WORK TO BE COMPLETED
The answer should contain only the lines running from the line with "Fruit of the" to the end of the material, reproduced verbatim.

MATERIAL SUPPLIED
== Segment start ==

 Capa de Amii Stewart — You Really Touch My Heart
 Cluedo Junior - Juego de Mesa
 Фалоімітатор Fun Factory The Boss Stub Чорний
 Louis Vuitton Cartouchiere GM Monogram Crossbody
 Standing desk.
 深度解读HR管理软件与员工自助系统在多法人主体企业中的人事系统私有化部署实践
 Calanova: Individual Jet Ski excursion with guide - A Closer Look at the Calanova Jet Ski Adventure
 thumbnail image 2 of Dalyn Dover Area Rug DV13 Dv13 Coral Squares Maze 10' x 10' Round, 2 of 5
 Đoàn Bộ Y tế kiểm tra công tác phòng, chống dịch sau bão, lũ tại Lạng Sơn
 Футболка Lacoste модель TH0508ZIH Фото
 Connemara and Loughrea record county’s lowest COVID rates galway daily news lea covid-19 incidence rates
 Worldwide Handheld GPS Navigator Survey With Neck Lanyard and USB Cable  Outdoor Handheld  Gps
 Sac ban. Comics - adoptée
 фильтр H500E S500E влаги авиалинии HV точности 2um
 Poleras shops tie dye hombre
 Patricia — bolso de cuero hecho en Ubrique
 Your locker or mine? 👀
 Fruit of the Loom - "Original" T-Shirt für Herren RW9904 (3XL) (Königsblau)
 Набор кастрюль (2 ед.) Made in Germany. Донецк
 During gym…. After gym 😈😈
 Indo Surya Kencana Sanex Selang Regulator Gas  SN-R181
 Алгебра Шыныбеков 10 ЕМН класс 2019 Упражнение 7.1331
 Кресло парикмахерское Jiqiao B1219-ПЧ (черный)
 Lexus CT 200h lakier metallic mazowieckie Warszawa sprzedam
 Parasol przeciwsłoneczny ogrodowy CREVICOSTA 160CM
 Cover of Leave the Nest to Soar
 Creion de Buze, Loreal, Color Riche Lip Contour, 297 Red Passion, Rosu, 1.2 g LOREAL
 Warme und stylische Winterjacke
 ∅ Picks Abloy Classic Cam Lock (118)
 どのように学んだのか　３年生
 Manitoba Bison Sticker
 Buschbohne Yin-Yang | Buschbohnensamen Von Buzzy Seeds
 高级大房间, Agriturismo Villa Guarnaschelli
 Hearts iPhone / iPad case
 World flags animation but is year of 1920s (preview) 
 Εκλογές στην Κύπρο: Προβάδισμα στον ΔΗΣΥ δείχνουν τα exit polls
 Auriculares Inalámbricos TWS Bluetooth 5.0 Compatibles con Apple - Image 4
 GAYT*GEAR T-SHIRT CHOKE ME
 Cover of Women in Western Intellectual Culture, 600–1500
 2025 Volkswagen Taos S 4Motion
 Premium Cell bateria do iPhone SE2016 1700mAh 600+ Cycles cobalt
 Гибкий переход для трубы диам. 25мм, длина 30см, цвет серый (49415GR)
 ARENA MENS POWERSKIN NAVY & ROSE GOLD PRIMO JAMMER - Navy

== Segment end ==

PROBLEM SOLUTION
 Fruit of the Loom - "Original" T-Shirt für Herren RW9904 (3XL) (Königsblau)
 Набор кастрюль (2 ед.) Made in Germany. Донецк
 During gym…. After gym 😈😈
 Indo Surya Kencana Sanex Selang Regulator Gas  SN-R181
 Алгебра Шыныбеков 10 ЕМН класс 2019 Упражнение 7.1331
 Кресло парикмахерское Jiqiao B1219-ПЧ (черный)
 Lexus CT 200h lakier metallic mazowieckie Warszawa sprzedam
 Parasol przeciwsłoneczny ogrodowy CREVICOSTA 160CM
 Cover of Leave the Nest to Soar
 Creion de Buze, Loreal, Color Riche Lip Contour, 297 Red Passion, Rosu, 1.2 g LOREAL
 Warme und stylische Winterjacke
 ∅ Picks Abloy Classic Cam Lock (118)
 どのように学んだのか　３年生
 Manitoba Bison Sticker
 Buschbohne Yin-Yang | Buschbohnensamen Von Buzzy Seeds
 高级大房间, Agriturismo Villa Guarnaschelli
 Hearts iPhone / iPad case
 World flags animation but is year of 1920s (preview) 
 Εκλογές στην Κύπρο: Προβάδισμα στον ΔΗΣΥ δείχνουν τα exit polls
 Auriculares Inalámbricos TWS Bluetooth 5.0 Compatibles con Apple - Image 4
 GAYT*GEAR T-SHIRT CHOKE ME
 Cover of Women in Western Intellectual Culture, 600–1500
 2025 Volkswagen Taos S 4Motion
 Premium Cell bateria do iPhone SE2016 1700mAh 600+ Cycles cobalt
 Гибкий переход для трубы диам. 25мм, длина 30см, цвет серый (49415GR)
 ARENA MENS POWERSKIN NAVY & ROSE GOLD PRIMO JAMMER - Navy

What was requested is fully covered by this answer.